I have a question about the profiler metrics that I get for the simple vector-vector addition kernel below,
__global__ void vecAdd(double *a, double *b, double *c, int n)
{
int id = blockIdx.x*blockDim.x+threadIdx.x;
if (id < n)
c[id] = a[id] + b[id];
}
The profiler tells me the following,
Kernel: vecAdd(double*, double*, double*, int)
1 gld_throughput Global Load Throughput 102.92GB/s
1 dram_read_throughput Device Memory Read Throughput 103.54GB/s
1 l2_read_throughput L2 Throughput (Reads) 103.67GB/s
1 l1_cache_global_hit_rate L1 Global Hit Rate 0.00%
1 l2_l1_read_hit_rate L2 Hit Rate (L1 Reads) 0.00%
From the output, I can surmise that the kernel is not finding any of the necessary data in the L1, or L2 caches, which is why it is going to look in DRAM. This explains why gld_throughput is approximately equal to dram_read_throughput.
My questions is why is the kernel not finding any data in the caches? I have not disabled L1 caching…I don’t see why the L1 and L2 hit rates are 0 ??
and further, why is the l2_read_throughput nonzero, if the L2 hit rate is 0?
This is a streaming kernel, where every piece of data is touched exactly once. Since there is no data re-use, there are no cache hits. As for the L2 throughput being equal to the global load throughput it is because the load data is read through the L2 (but not found there).

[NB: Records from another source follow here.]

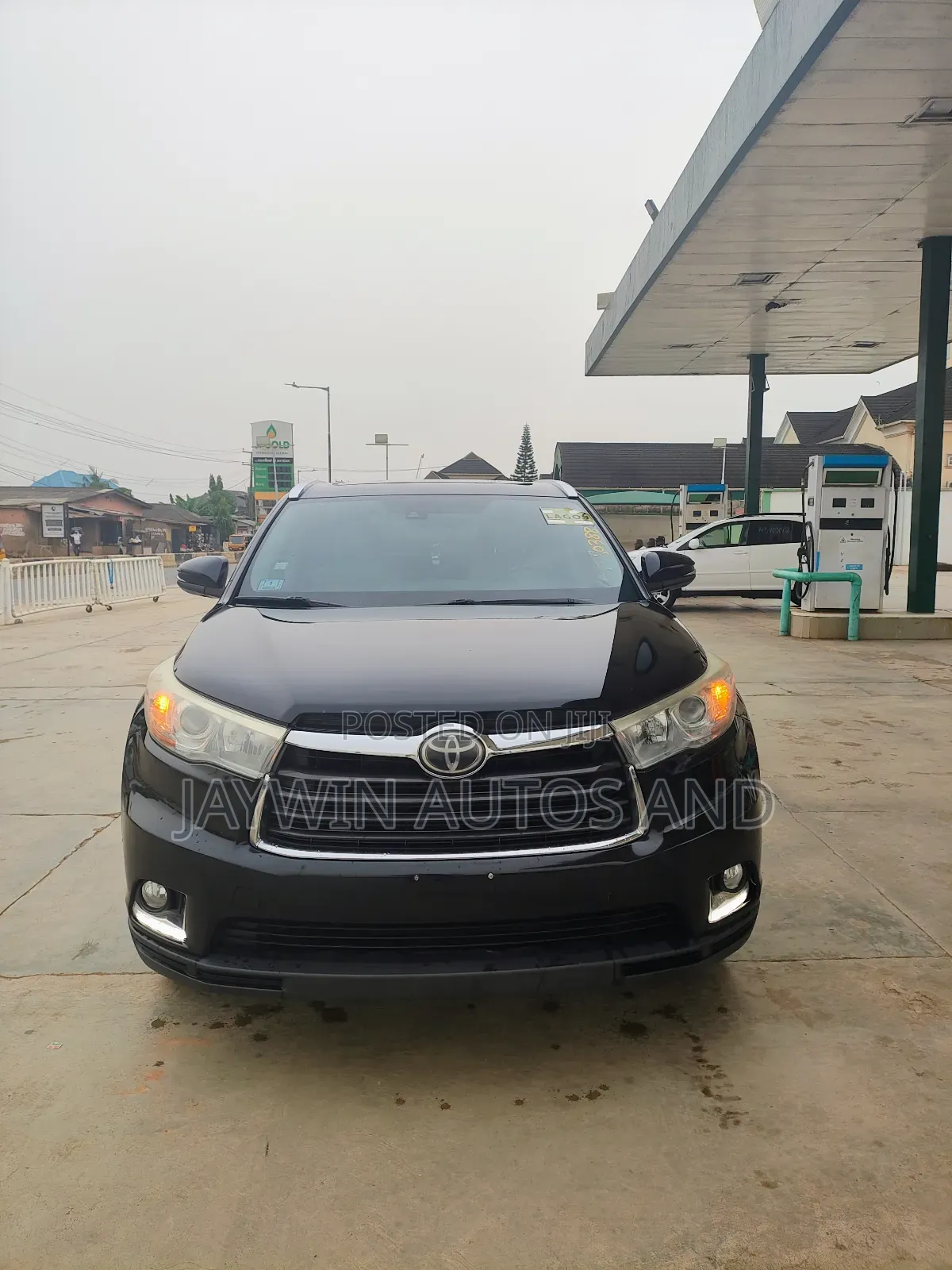Toyota Highlander Limited Platinum 4dr SUV AWD (3.5L 6cyl 6A) 2014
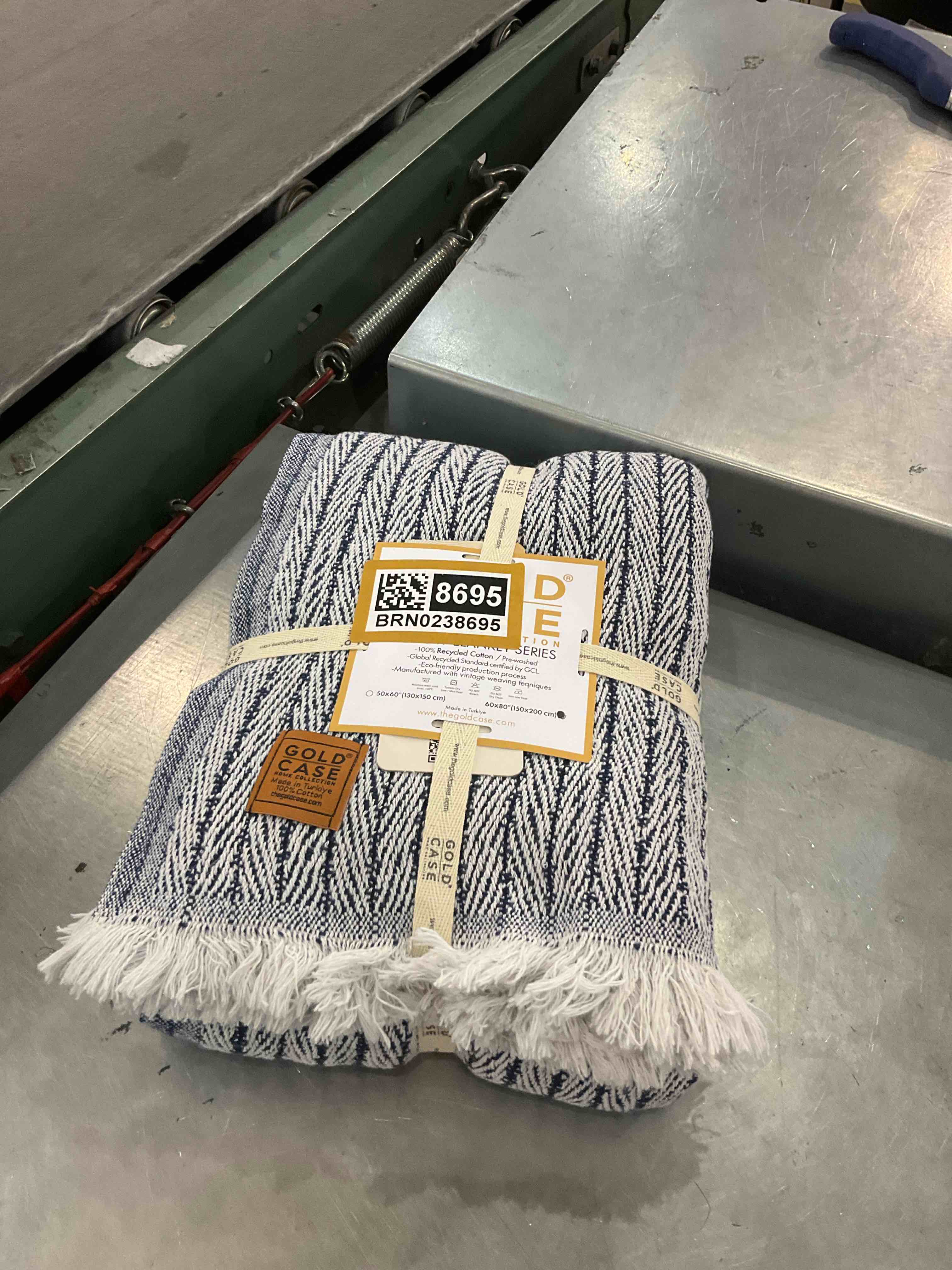 https://s3.amazonaws.com/lotting-images-prod/bidfta/BRN0238695_1726234592575.jpeg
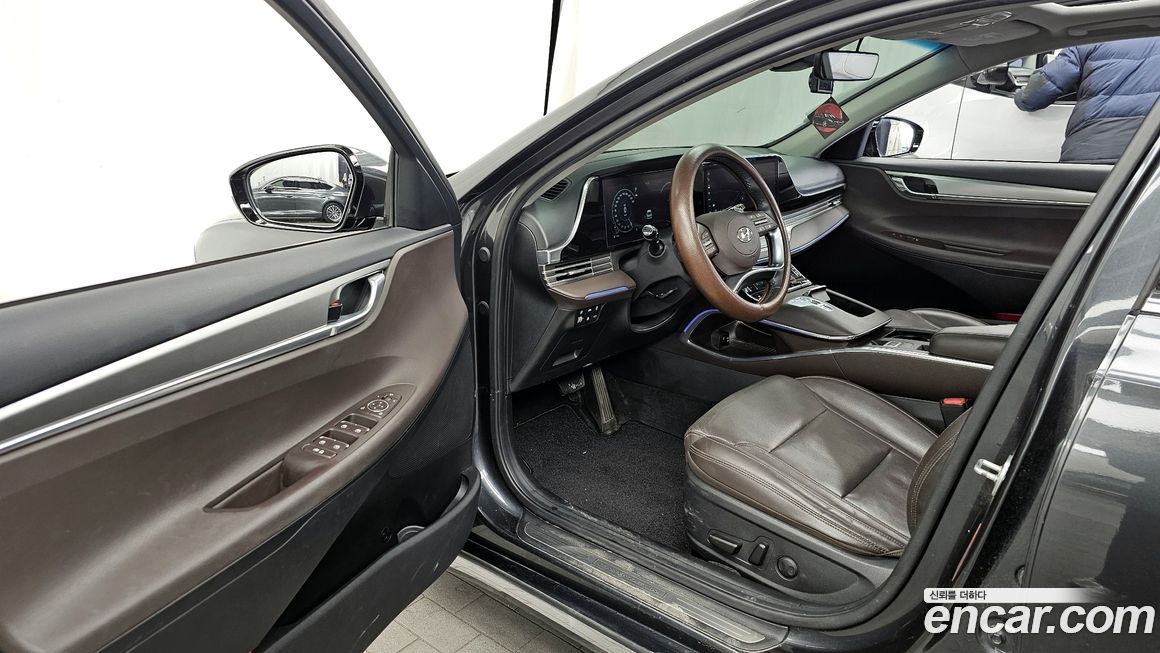 Hyundai Grandeur 2021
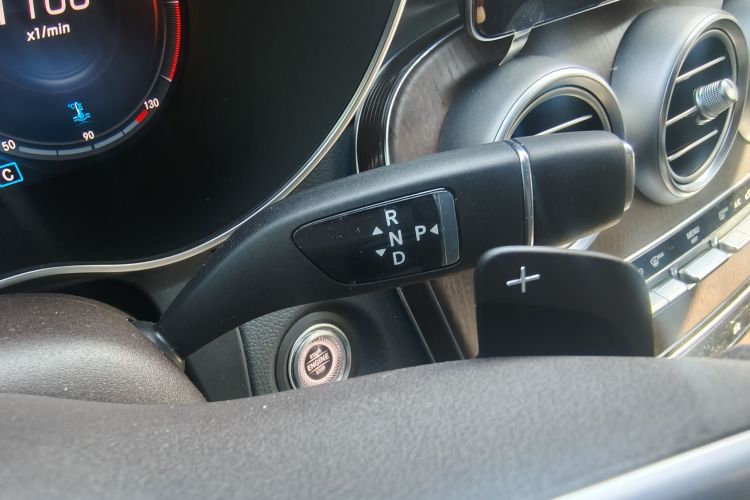 奔驰GLC 2020款 改款 GLC 300 L 4MATIC 动感型中控内饰18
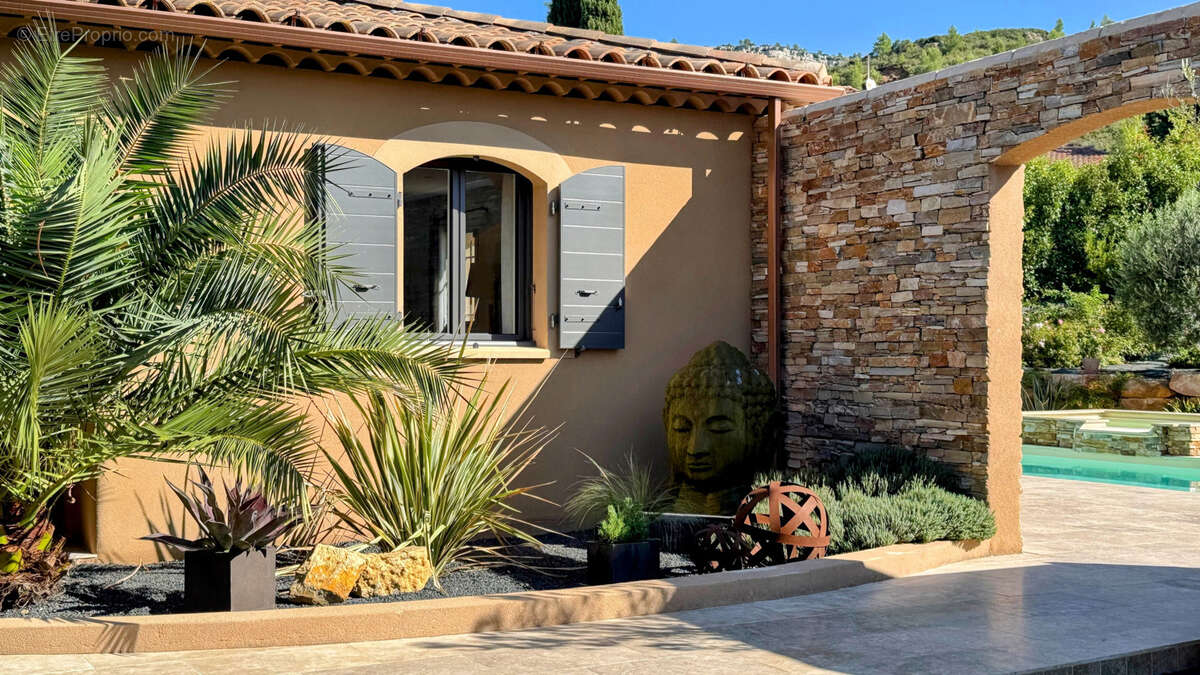Maison à CHATEAUNEUF-LE-ROUGE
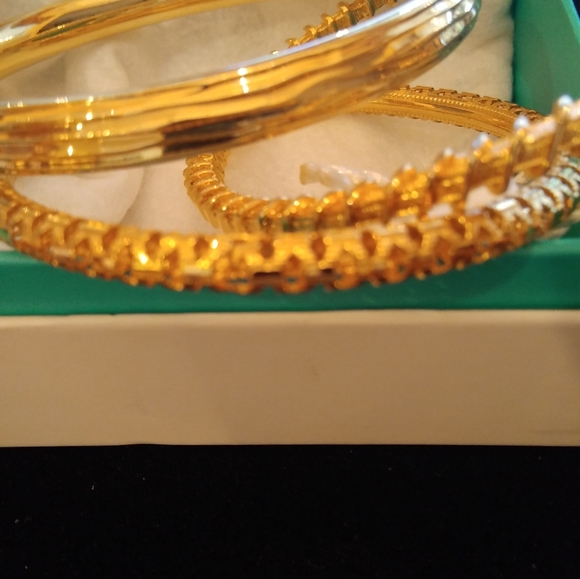 Three HSN new gold bangles - Picture 5 of 6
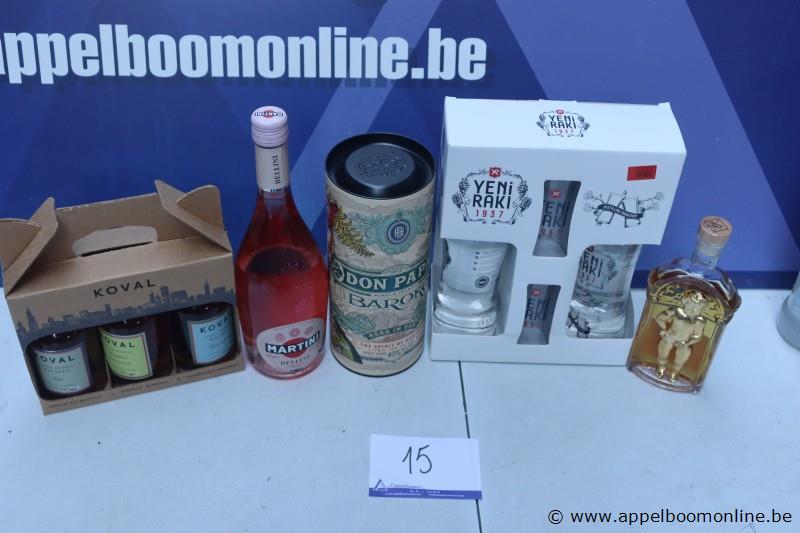 8 flessen sterke drank – kavel bij Appelboom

Agreed, lack of data re-use for each indiviual data item does not necessarily mean there could be no cache hits. An initial access to a cache line would cause the entire line to be fetched, even if only some of the data in the cache line is used by the initial access that triggered the cache miss with following fetch. A subsequent access to a different location in the previously unused portion of that cache line could then hit the cache.
However in this code the data is read in contiguous streams following the “base + tid” access pattern. This causes each cache line to be fetched and consumed in its entirety on initial access, meaning we do not have multiple accesses to the fetched line, and thus no cache hits.
__global__ void vecAdd(double *a, double *b, double *c, int n)
{
int id = blockIdx.x*blockDim.x+threadIdx.x;
// Make sure we do not go out of bounds
if (id < n-1) {
c[id] = a[id] + b[id];
c[id] = a[id+1];
}
}
gives,
Kernel: vecAdd(double*, double*, double*, int)
1 dram_read_throughput Device Memory Read Throughput 95.880GB/s
1 gld_throughput Global Load Throughput 189.86GB/s
1 l1_cache_global_hit_rate L1 Global Hit Rate 37.76%
1 l2_l1_read_hit_rate L2 Hit Rate (L1 Reads) 19.71%
On a related note, I’ve been having trouble finding clear documentation online about what exactly the GPU is doing to the data with respect to the caches. I’ve found a lot of NVIDIA presentations, but I’d feel more comfortable with something akin to a book…If anyone can recommend anything, I’d be grateful.